I’ll never forget the time a male pastor sat me down to have a talk with me.
I had just finished preaching at a church as part of my seminary requirements and, after the service, the pastor (who had graciously allowed me to fill his pulpit) asked me to step into his office. He pulled the door shut behind him. He motioned for me to take a seat, and he sat down in the chair behind his desk. What followed was a very brief conversation, and soon we were both off to go our separate ways, but even now as I think about it, I feel sick inside.
“April, you are a gifted preacher. I know you don’t want to preach, and you’re afraid of preaching, but you are so incredibly gifted. And, that’s why I want to talk to you about your clothing…”
He told me my clothing was inappropriate and unbecoming of a person who was training to be a minister.

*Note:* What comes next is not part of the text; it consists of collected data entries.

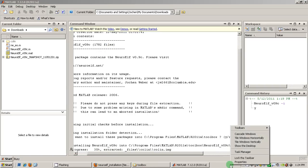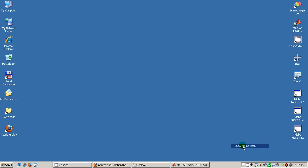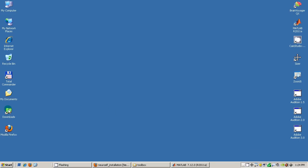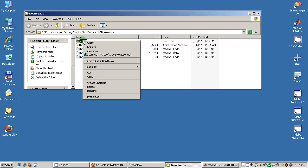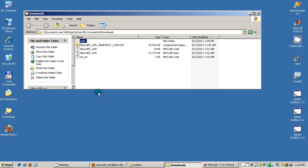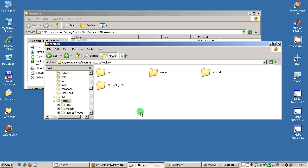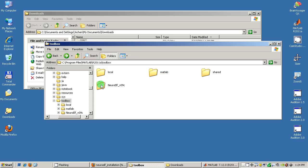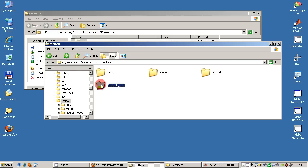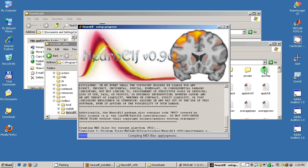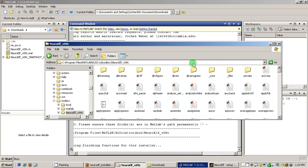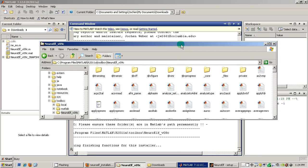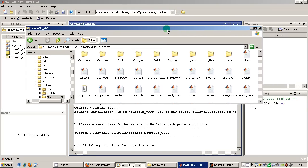Now I am quickly going back to the downloads and here I can now see this folder and I will say cut and I will then navigate to the MATLAB toolbox folder and there is this NeuroElf underscore V09C folder now.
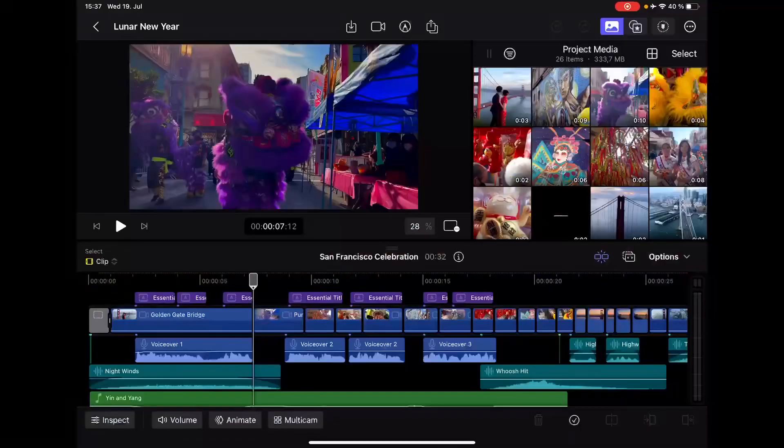Final Cut Pro for the iPad finally got the biggest update since its launch. In this video, I'll go over all the things they added to Final Cut Pro on the iPad.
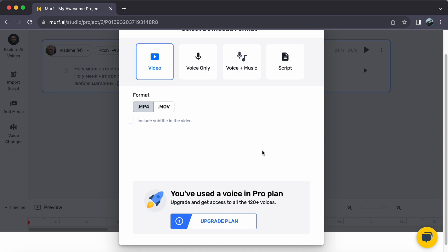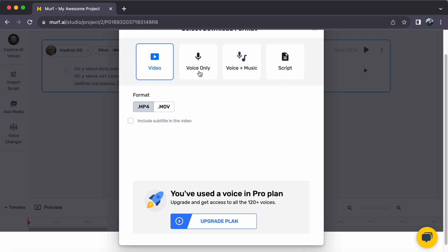But hold on just a moment before you proceed. It is important to note that you need to upgrade your plan on Murf AI to enable the export feature. If you are not sure how to upgrade your plan, don't worry, I've got you covered. Check out the link below for a step-by-step guide on upgrading your plan.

He told me that before I could preach there again, I needed to do something about the way I dressed.
He told me that he was distracted during my sermon because of what I was wearing.

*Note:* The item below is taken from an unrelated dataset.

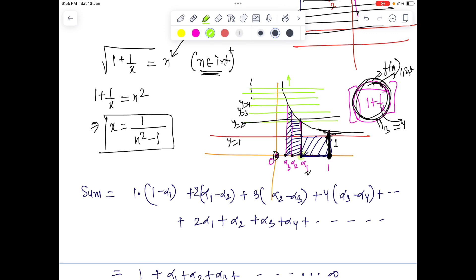From the graph, between x = α₁ to x = 1, α₁ is the x value for which the function gives a height of 2. If I take any value of x between α₁ and 1, the square root will be between √1 and √2 — it's one-point-something — so the greatest integer will always be 1. So between α₁ to 1, the output of the function is always 1, giving us the first shaded region.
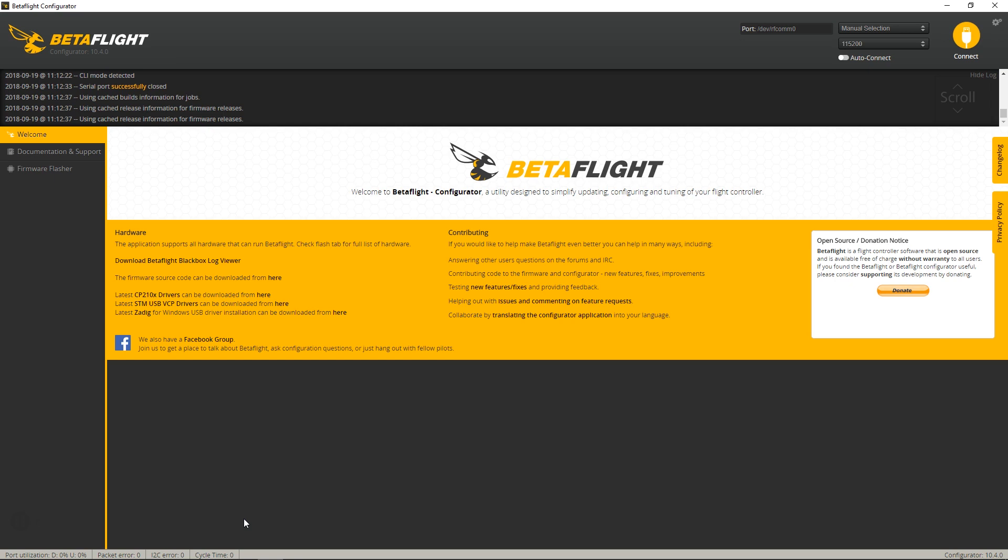This sometimes happens when you get a brand new board, especially from China. You may have Betaflight 3.1 for example, and as of the recording of this video, 3.5.1 is out.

“What was she wearing?” you might be asking.
I want to tell you that it’s none of your business (haha!), but since I brought it up, I’ll fill you in.
I was wearing the nicest thing I owned. Keep in mind that I was a full-time seminary student with no full-time income, and had come straight to seminary after 4 1/2 years of not having a full-time income while I pursued my undergraduate degree.
I was wearing an ankle-length denim skirt and a green, pinstripe button up shirt with three-quarters length sleeves.
Basically, I was covered from collarbone to ankle. My clothing wasn’t fancy or elegant. I wasn’t sharply dressed. I’m sure I could have stood some fashion advice.
But, that is not what this felt like. Not at all.
You see, my husband had also preached that morning at this church. We had tag-teamed the sermon. My husband was wearing a button up shirt with short sleeves and khaki-colored carpenter pants. The nicest thing he had in the closet, but not fancy or fashionable at all. He was showing more skin than I was. His clothing was similar in style and fashion to mine (seriously, this is why robes were made…so ministers wouldn’t have this problem). But, no one said anything to him.
No one told him his clothing was unbecoming of a minister.
No one told him he needed to do better next time.
No one called him a distraction.
While I was preaching the Gospel, all this pastor noticed was my clothing. And that he didn’t like it on me. And that he wanted me to look better.
I felt violated.
I recently participated in a vibrant conversation about modesty and about the role of ministers and elders in “helping” young girls embrace modesty. I was told that I was a disobedient Christian if I did not want male church leaders to talk to my daughter about her clothing choices. I was told that I was not following Christ.
I remember what it felt like to sit there in that office – as an adult female with an adult male. I remember what it felt like to realize that the entire time I was up front at church, he was fixated on my clothing – and maybe even how my body looked in my clothing. I remember what it felt like to realize that for this man, he felt like it was his place to police my body and what I put on it.
I was an adult and I felt violated, helpless, afraid, and objectified.
As a parent, I will do everything in my power to keep my daughter from feeling this way, especially in the church where she should be safe.